I've seen these kind of tricks especially when it comes to petition signing. They'll have a petition about some environmental issue or a progressive one such as raising the minimum wage, but they'll stick a petition about "right to work" or increasing the requirements for teachers to met tenure at the bottom after you've wearily gone through like 8-10 petitions.

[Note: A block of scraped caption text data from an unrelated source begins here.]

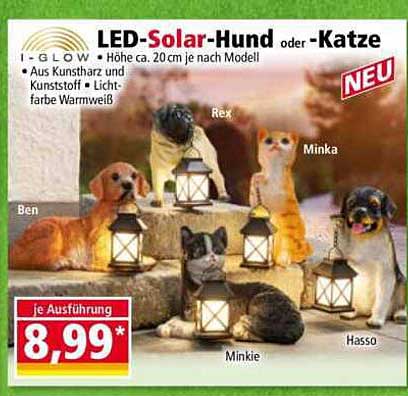 LED-Solar-Hund oder -Katze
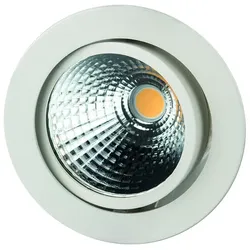 Rutec Projekt LED Einbaustrahler GLIN COB, IP40, rund, Ø 11.6cm, 500mA, 20W 3000K 1968lm 24°, schwenkbar, exkl. BG, weiß RUP-PEH801WWOK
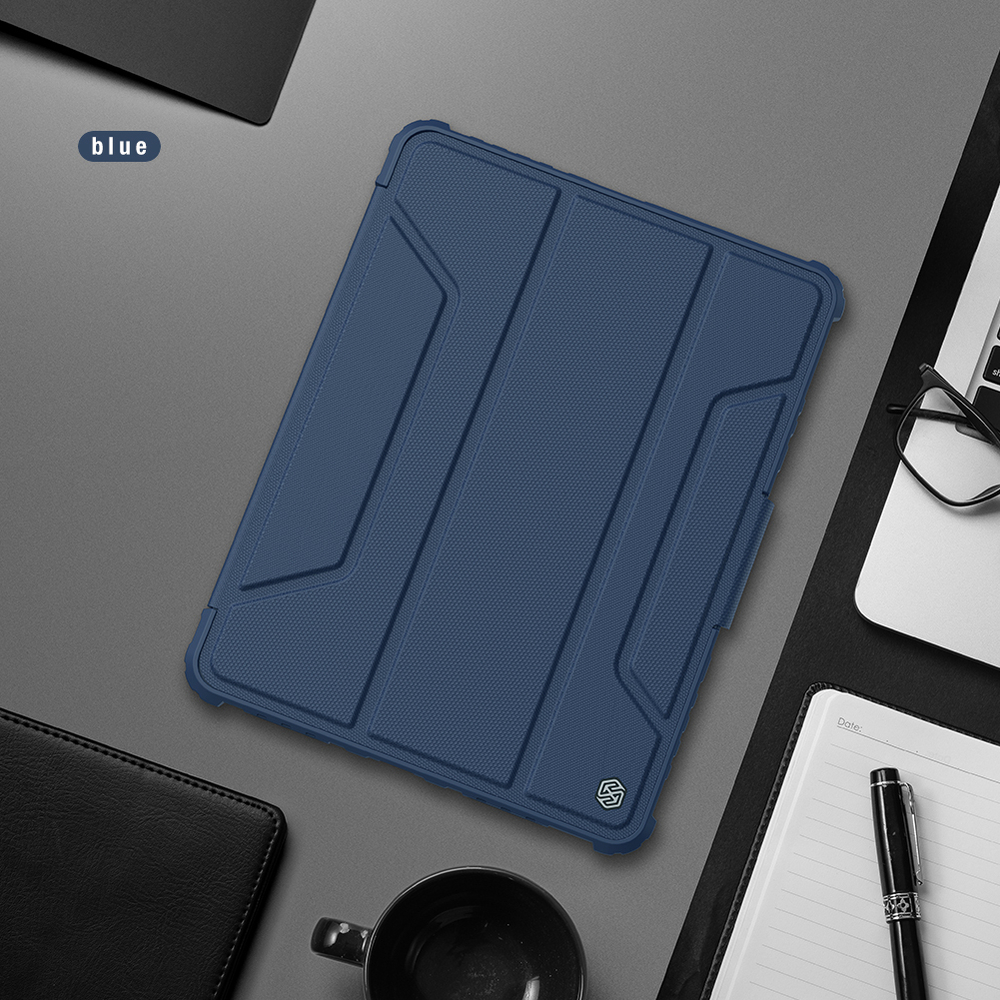 Чехол книжка синего цвета (Sapphire Blue) от Nillkin для iPad Air 11 2024-, 10.9 с 2020-, Air 4, Air 5, Pro 11 2020-, серия Bumper Pro, с защитной шторкой для камеры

So basically, this is what it has come down to. The right-wing thinks it's all fun and games to distort the other side's positions much as secession commissioners tried to distort the North by implying that Yankee preachers would come down South to force slaveholders to marry off their daughters to their slaves in the hopes of either disenfranchising voters or having them vote against their own interests. Another example is the time when the anti-ERA campaign tainted the other side by linking ERA to civil rights legislation implying that ERA would desegregate bathrooms, alluding to the specter of interracial rape to scare off women voters who might have supported ERA. Think of the disenfranchisement throughout history African-Americans, women, and other minorities faced. So basically are poll taxes, grandfather clauses, literacy tests, flyers telling African-Americans to vote the day AFTER the election just a joke too?